Debts are legal obligations. But judges work for the public and shouldn’t allow themselves to be used by private companies to collect debts. Jailing debtors not only violates the spirit of the law, it also makes no sense. People in jail may lose their job and can't find a new one. None of which helps to pay debts.

More than 200 local prosecutors across the country have also partnered with private companies, essentially, "renting out" their powers to collect on bounced checks. The companies' letters — on official district attorney letterheads — look as if they came from the county prosecutor and frighten debtors. They demand payments, often tacking on exorbitant fees, and threaten prosecution if the check writers don’t pay up. In many cases, the prosecutor's office gets a cut of the profits.

Intentionally writing a bad check can be a crime, but emphasis is on intentional. Checks for small amounts seldom spur prosecution. The authority to decide which merit prosecution belongs to elected prosecutors and shouldn't be farmed out for profit to debt collectors.

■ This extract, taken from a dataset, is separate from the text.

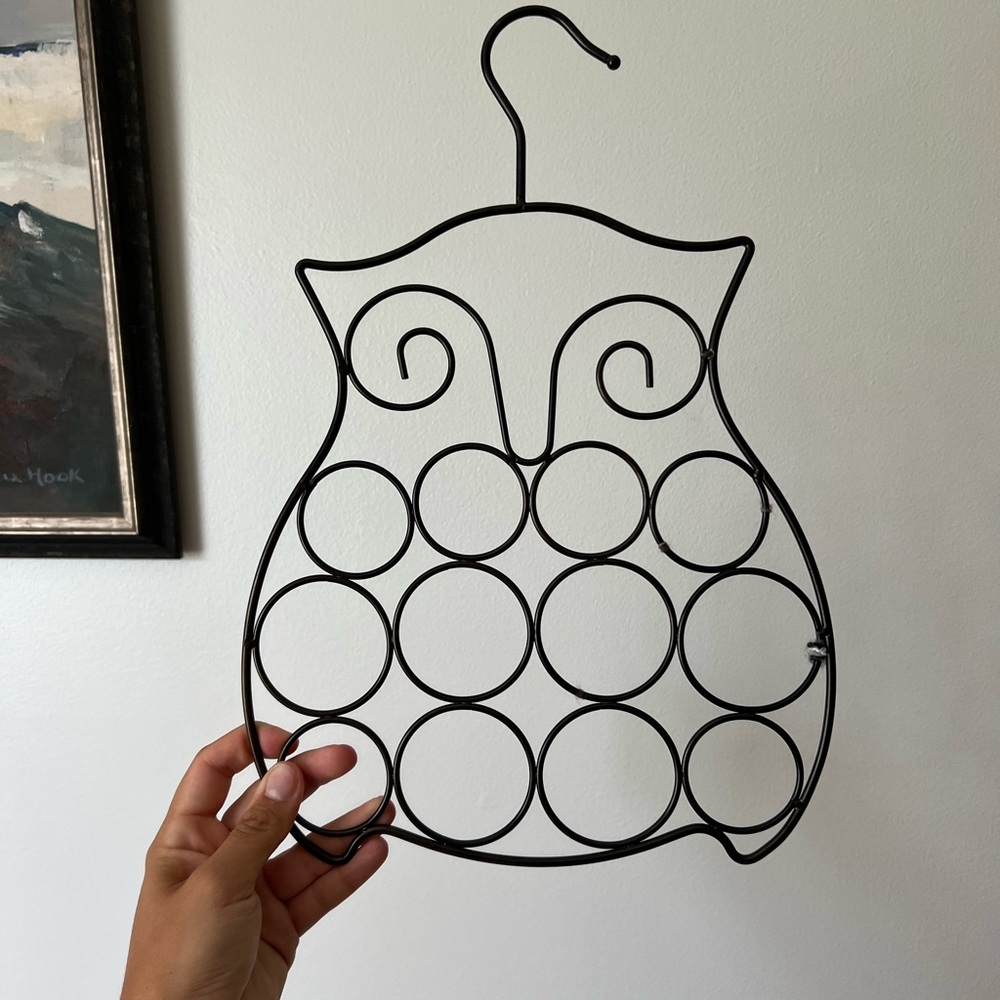 Owl Scarf holder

In Kitsap County, Washington, Rosaline Terrill, whose $41.19 check to Goodwill bounced, was threatened in 2013 with "the possibility of criminal charges" in a letter that looked like it came from the local prosecutor. She made good on the check, but still got hounded for $200 in fees — five times the actual debt — until she paid that too, all the while fearing criminal action.

After District Attorney Tina Robinson took office, she says she ended the program because many of the cases did not merit prosecution. But at least two other counties in the state still use these abusive programs.

In Syracuse, New York, Onondaga County District Attorney William Fitzpatrick says he turns over cases to a contracted company only when “probable cause” exists to believe it involves fraud. Fitzpatrick finds this method preferable to using scarce government resources for this job.

Saving money isn't the point. It is a misuse of government power for judges to allow themselves to be used as blunt collection tools or for prosecutors to lend out their immense power to private companies that threaten to take away people's freedom.

Poverty is not a crime. Judges and prosecutors should not treat it as if it were.